I appreciate Eric saying this after some of us sort of jumped on him about this issue last night! Paxlovid is a good example of where small-molecule synthesis falls on on the difficulty scale when compared to things like mRNA vaccines - here's a thread (1/13)
The mRNA vaccines are intrinsically hard to manufacture - RNA biotechnology on scale is practiced in only a few countries around the world, and the nanoparticle formulation is particularly challenging to scale up and to get right. (2/13)
Small-molecule synthesis (though no picnic) is easier than that - there are generic drug manufacturing facilities in many more countries, and many of these can potentially adapt to processes like the Paxlovid synthesis. That's the good part. (3/13)
But the tricky part becomes the supply of the various starting materials and reagents.
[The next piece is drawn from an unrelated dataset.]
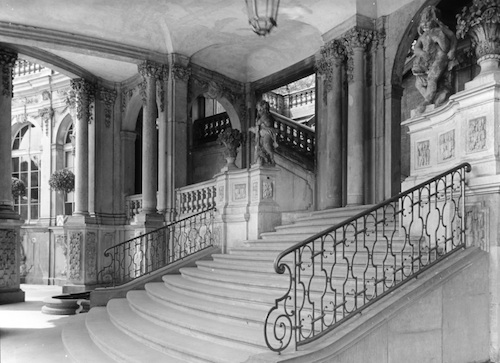 R92009 Dresden Zwinger Wallpavillon innere Halle und Treppe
We even saw that in the small molecule part of the RNA vaccine scale-up, when the cationic lipids became a production bottleneck for a while. (4/13)
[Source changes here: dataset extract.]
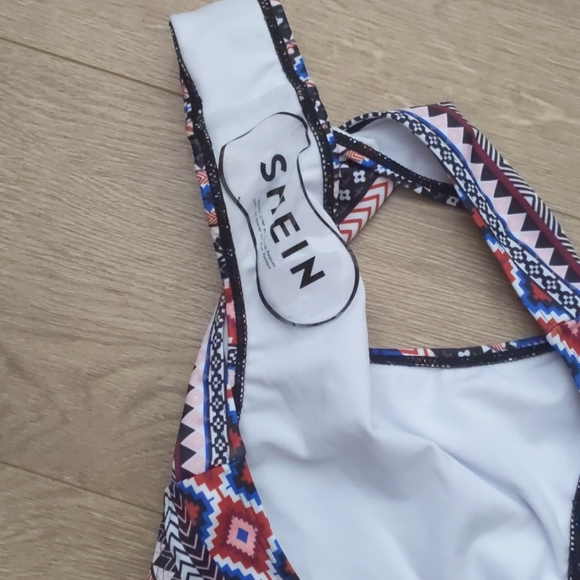 Monokini - Picture 2 of 2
A big difference is that proteins, DNA, and RNA will sort of make themselves, if you can do the cell culture and molecular biology involved (which is a big "if" on the industrial scale). We're co-opting a billion years of evolution for our own purposes there. (5/13)
Small molecules, though, come in far, far more varieties than the repetitive building blocks of proteins and oligonucleotides. The number of potential structures is effectively unlimited, and the number of potential industrial starting materials is likewise huge. (6/13)
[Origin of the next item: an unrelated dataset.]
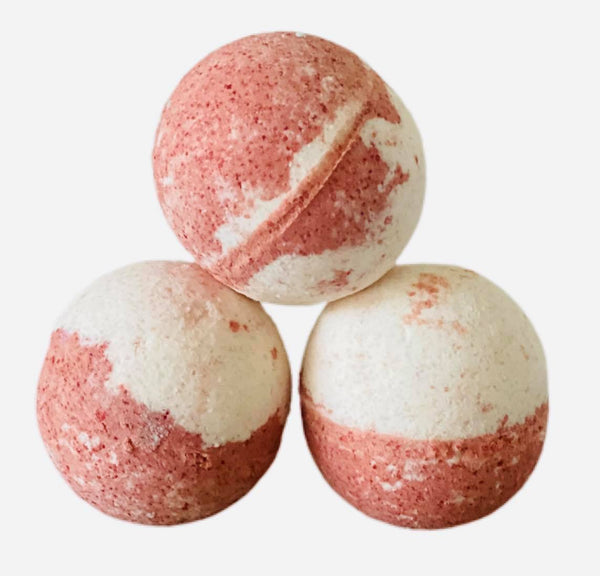 Strawberries & Cream - Bath Bomb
We organic chemists have learned a lot of tricks about how to make small-molecule drugs, and the process chemists and chemical engineers have a whole specialized expertise in doing synthesis on a huge scale. Most of the time, we can come up with robust, workable routes. (7/13)
But you have to source the starting materials if you're going to do that - and the *huge* majority of such building blocks and reagents come from industrial producers in places like China and India. Very few of those things are made in the US. (8/13)
So invoking the Defense Production Act (for example) is of limited use. The chemical plants you'd want to commandeer just aren't there. A big part of industrial drug production is lining up complex supply chains and contract manufacturing around the world. (9/13)
A given drug might travel through two, three, four countries on its way to be packaged into pills, with different synthesis and manufacturing steps done in the places with the facilities and the expertise. Finding these partners is close to an art form. (10/13)
Now for Paxlovid, you can bet that Pfizer has been putting these blocks together for the last few months. They have a lot of experience doing this, but this means that the obvious suppliers of starting materials have already been lined up. (11/13)
Since there are so many potential starting materials in this business, it's easy to use up the capacity for any given one if there's a surge in demand. That slack can be picked up by other chemical suppliers, but it takes time, money, and effort. (12/13)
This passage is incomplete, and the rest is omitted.